● Short web captions:
- Opening Delimiter -

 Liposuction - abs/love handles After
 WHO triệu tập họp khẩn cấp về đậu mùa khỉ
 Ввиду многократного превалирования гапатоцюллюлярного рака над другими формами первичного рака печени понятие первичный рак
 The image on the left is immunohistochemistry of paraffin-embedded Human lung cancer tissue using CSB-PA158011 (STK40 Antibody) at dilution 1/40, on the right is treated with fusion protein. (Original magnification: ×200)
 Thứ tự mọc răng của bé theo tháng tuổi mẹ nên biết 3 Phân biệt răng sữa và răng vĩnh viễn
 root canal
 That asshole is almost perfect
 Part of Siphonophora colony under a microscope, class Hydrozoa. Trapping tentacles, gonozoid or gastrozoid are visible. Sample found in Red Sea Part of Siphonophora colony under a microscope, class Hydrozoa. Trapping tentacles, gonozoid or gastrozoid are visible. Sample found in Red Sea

- Closing Delimiter -
- Opening Delimiter -

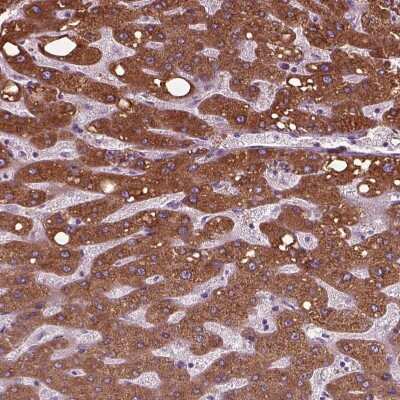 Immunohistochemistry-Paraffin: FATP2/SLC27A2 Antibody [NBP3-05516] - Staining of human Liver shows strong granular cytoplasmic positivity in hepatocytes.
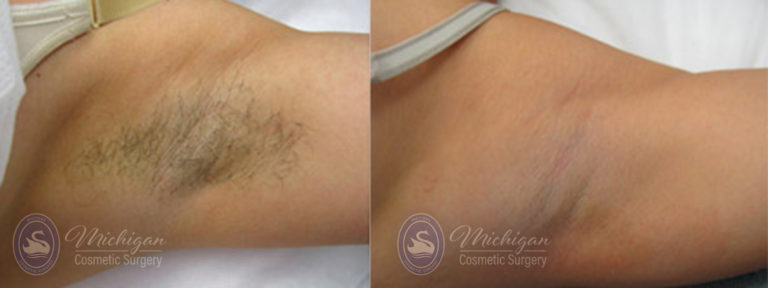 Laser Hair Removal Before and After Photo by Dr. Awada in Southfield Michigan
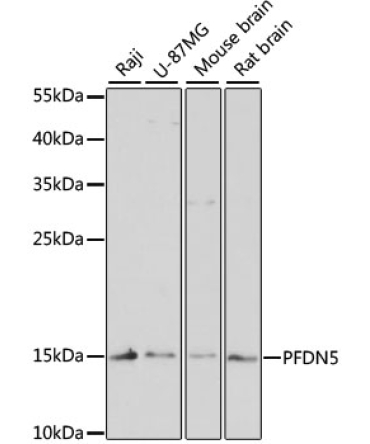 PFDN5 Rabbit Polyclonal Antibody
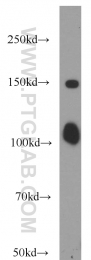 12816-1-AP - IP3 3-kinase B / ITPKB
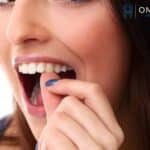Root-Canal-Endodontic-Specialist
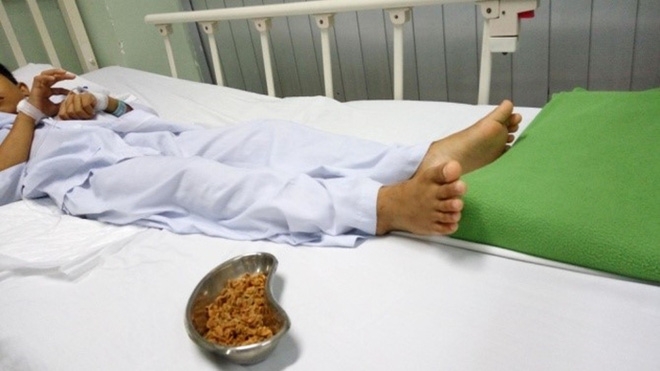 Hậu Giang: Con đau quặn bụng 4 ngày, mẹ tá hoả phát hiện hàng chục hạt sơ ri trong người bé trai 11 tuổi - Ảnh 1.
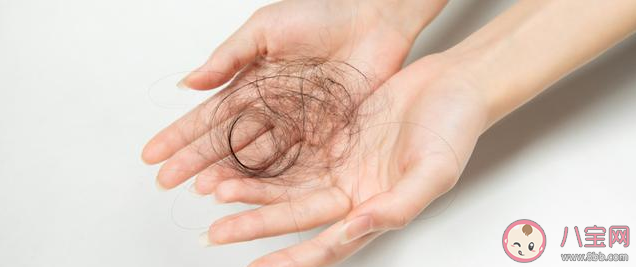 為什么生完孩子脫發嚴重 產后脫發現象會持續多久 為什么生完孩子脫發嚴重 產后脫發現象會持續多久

- Closing Delimiter -

● Task prompt: Retype the entries above exactly, but only from the line containing "Liposuction - abs/love handles After" through the line containing "Ввиду многократного превалирования", both included.

● Expected output:
 Liposuction - abs/love handles After
 WHO triệu tập họp khẩn cấp về đậu mùa khỉ
 Ввиду многократного превалирования гапатоцюллюлярного рака над другими формами первичного рака печени понятие первичный рак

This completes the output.